Is It Wise or Prudent to Give an 18-Year-Old a Large Inheritance?
The law provides that an 18-year-old is an adult and as such, he or she is entitled to receive his or her inheritance or benefits as a beneficiary outright unless you have a document that provides otherwise.
If a young adult is a beneficiary of a life insurance policy, retirement account, bank account or other asset, the proceeds are entirely his or her property to spend or dispose of in any way he or she wants. If you would like to protect your young beneficiaries until they are mature enough to handle their inheritance, there are several options.
Among the options, is to provide in your will that if a beneficiary is under the age of X (25, 30, 35), the beneficiary’s share of the assets are to be held in trust. You can select a person you trust, who has similar values as you, to be the trustee. Until the beneficiary reaches the age of X, the money can be used for the beneficiary’s care, maintenance, support and education as the trustee determines. When the beneficiary reaches the designated age(s), the trust assets can be distributed to the beneficiary.
With a trust that is created as part of a will, the probate court will appoint the trustee you designate in the will. Every two years, the trustee must file a report with the court, detailing all of the trust transactions.

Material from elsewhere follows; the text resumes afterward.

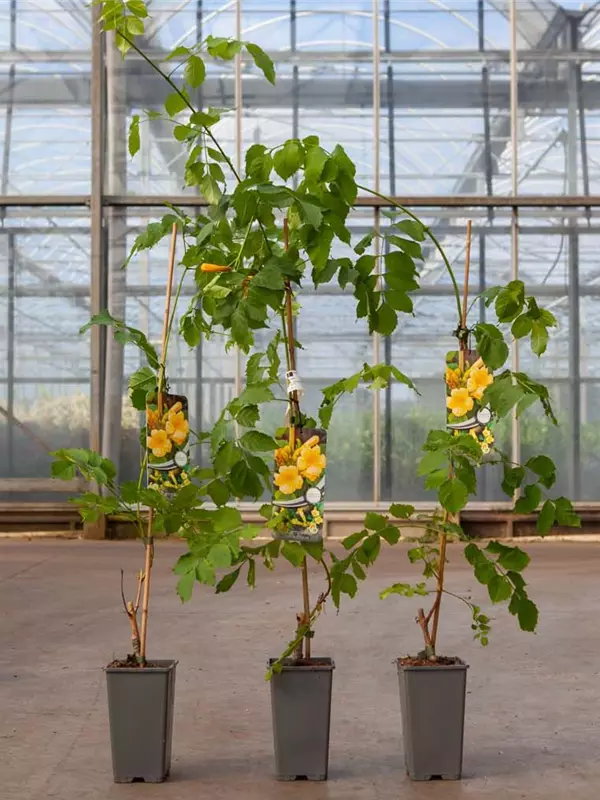 Gelbe Trompetenblume - Campsis radicans 'Flava'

Some clients find it comforting knowing that there is oversight and supervision of the trustee, especially when the beneficiaries are very young. Other clients do not want the trust transactions to become a public record for the whole world to see. They do not want the trustee burdened with the scrutiny of the probate court. In those cases, the client establish a Living Trust that remains private and is not subject to the supervision of the probate court. Sometimes a custodial account will be sufficient to accomplish your goals. Each family situation is different.